# Youtube NEC code coach



## Vladaar (Mar 9, 2021)

Anyone use this guy?

I watched his first video seems like a good teacher. I don't have a NEC book yet, but when I get an extra hundred bucks, I'll pick one up and start getting familiar with it now as opposed to waiting till the test creeps up.


----------



## five.five-six (Apr 9, 2013)

I’ll watch later....

but remember, if the product is “free” you are the product. How much does the cow pay the farmer for her alfalfa?


----------



## micromind (Aug 11, 2007)

five.five-six said:


> How much does the cow pay the farmer for her alfalfa?


Milk and calves.....no one rides for free.


----------



## Vladaar (Mar 9, 2021)

five.five-six said:


> I’ll watch later....
> 
> but remember, if the product is “free” you are the product. How much does the cow pay the farmer for her alfalfa?


Yeah not all free he has paid content too. https://electricalcodecoach.com/shop


----------



## dspiffy (Nov 25, 2013)

Depending on number of views and subscribers, he may be paid by YouTube.

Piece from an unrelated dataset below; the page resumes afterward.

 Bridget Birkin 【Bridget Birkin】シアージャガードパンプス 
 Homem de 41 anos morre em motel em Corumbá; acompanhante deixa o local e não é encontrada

Free just means someone else is paying, and on the internet, it's usually advertisers.


----------



## ZacharyBob (May 3, 2020)

Vladaar said:


> Anyone use this guy?
> 
> I watched his first video seems like a good teacher. I don't have a NEC book yet, but when I get an extra hundred bucks, I'll pick one up and start getting familiar with it now as opposed to waiting till the test creeps up.


I'd recommend the Master the NEC podcast, I listen to it while doing repetitive tasks at work and it really helps instill the stuff I'm already learning in school.


----------



## ZacharyBob (May 3, 2020)

Master The NEC - PODCAST


Listen as Nationally Recognized Electrical Code Experts interpret and explain in technical detail the various chapters, sections, parts and line items of the National Electrical Code.




www.spreaker.com





I use spreaker, it's free with an ad in between each podcast.





https://www.youtube.com/c/MasterTheNEC/featured



Here's the youtube channel if you prefer


----------